Friday, June 3, 2016

More Refugees Expected to Return From Thailand Next Year




Refugees who fled Burma walk at the Mae La refugee camp, near the Burma border in Thailand’s Mae Sot district, Tak province, on July 21, 2014. (Photo: Reuters)

More individual and large-scale returns of Burmese refugees from Thailand are expected during the dry season next year, according to nongovernmental organizations (NGOs) that provide assistance to more than 120,000 refugees on the Thai-Burma border.

In its report released Tuesday, the UN’s refugee agency, UN High Commissioner for Refugees (UNHCR), said a growing number of refugees in Thailand’s camps were seeking support to return and rebuild their lives back home because they were encouraged by the prospects of the peace process, social and democratic reforms and the new civilian government.
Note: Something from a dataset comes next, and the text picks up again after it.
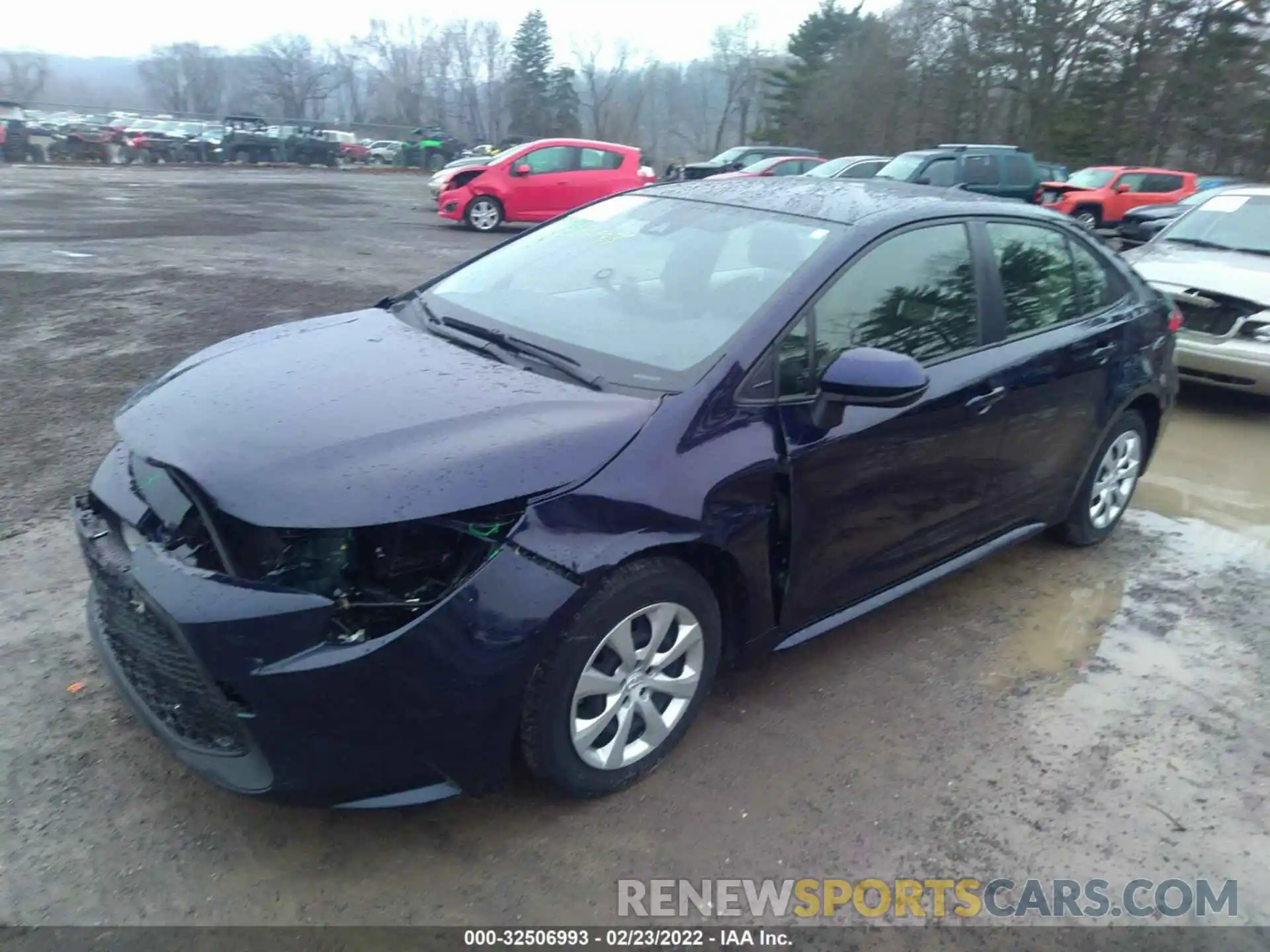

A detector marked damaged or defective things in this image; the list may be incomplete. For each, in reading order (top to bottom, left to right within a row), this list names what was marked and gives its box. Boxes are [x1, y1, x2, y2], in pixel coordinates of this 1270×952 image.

crumpled hood [1122, 246, 1270, 305]
crumpled hood [114, 309, 660, 530]
damaged front bumper [71, 446, 579, 807]
missing headlight [216, 502, 523, 645]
The report said that several hundred Burmese refugees from nine camps along on the Thai-Burma border have approached the UNHCR in recent months seeking support to return home. In response, the UNHCR dispatched a team to conduct voluntary repatriation interviews in Nupo Camp in Thailand’s Tak province.

Iain Hall, the agency’s senior field coordinator in Mae Sot said in the report, “While UNHCR is not promoting or encouraging large-scale returns at this point, we recognize that every refugee has the right to return home and will facilitate their requests as we can.”
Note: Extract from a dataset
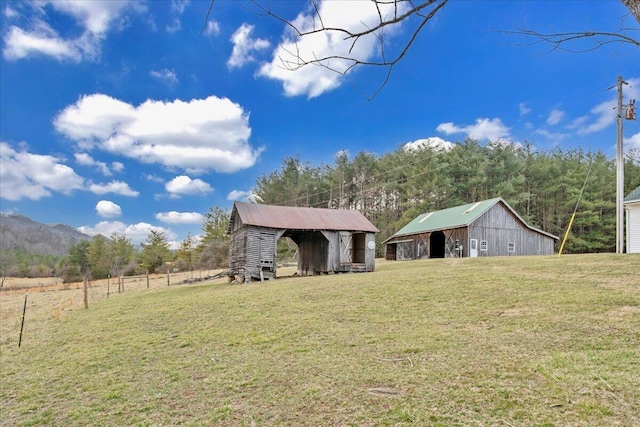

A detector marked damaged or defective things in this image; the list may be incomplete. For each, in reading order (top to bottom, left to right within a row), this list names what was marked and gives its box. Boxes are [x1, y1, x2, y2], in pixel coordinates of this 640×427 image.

Duncan McArthur, partnership director at The Border Consortium (TBC), an NGO that has been providing humanitarian aid to Burmese refugees for more than 20 years, told The Irrawaddy that more refugees from Thailand are expected to return in the dry season next year.
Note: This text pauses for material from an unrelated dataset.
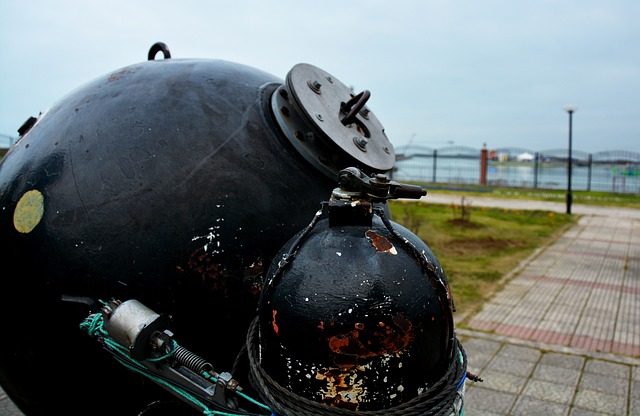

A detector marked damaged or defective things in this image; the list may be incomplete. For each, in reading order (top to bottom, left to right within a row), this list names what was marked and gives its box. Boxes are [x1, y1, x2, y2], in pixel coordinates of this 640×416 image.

rust patch [364, 229, 396, 255]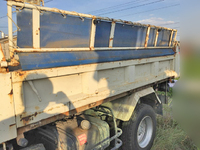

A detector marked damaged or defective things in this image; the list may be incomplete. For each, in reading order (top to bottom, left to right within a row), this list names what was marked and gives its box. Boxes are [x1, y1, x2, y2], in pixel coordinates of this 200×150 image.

rusted metal panel [0, 73, 17, 144]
“I think group returns may start to increase in the next dry season [February to May 2017]. But we don’t expect a big movement during the wet season [June to August this year],” McArthur told The Irrawaddy.

The preparation process such as consultations and meetings with community organizations are still going on in the camps and concerned communities, according to McArthur.

Meanwhile, the Karen National Union, an ethnic Karen armed resistance organization, is preparing land allocations and housing to host returning internally displaced persons and refugees. It also has built some houses in territories it controls in Karen State and Tenasserim Division, southeastern and southern Burma.

NGOs like TBC, the UNHCR and the World Food Program will provide assistance such as food, shelters and other supplies to refugees who have returned and are planning to return home, said NGO sources.

“UNHCR will support refugees’ returns if we can confirm that their decision is voluntary and if the Myanmar authorities welcome them home,” wrote Hall, adding the UN refugee agency’s involvement is contingent on there being no significant security issues in the areas of return and assurances that the UNHCR can access those regions to assist local communities and returning refugees.

However, some refugees still have lingering concerns over safety, land and livelihoods, and prefer to take a wait-and-see approach.

Naw Poe, a resident of Nupo Camp, told the UNHCR team that some refugees are, however, still worried about fighting in parts of the country.

She was quoted in their report as saying, “If the Myanmar government can issue an announcement that it welcomes refugees back, that would give people the confidence to return.”

The UNHCR’s staff also informed refugees that the organization can provide assistance such as transportation and reintegration grants and three months of food assistance in cash during the facilitated phase of return.

In Burma, the UNHCR is engaged in community-based livelihood support and is advocating for returning refugees’ right to access public services such as healthcare and education.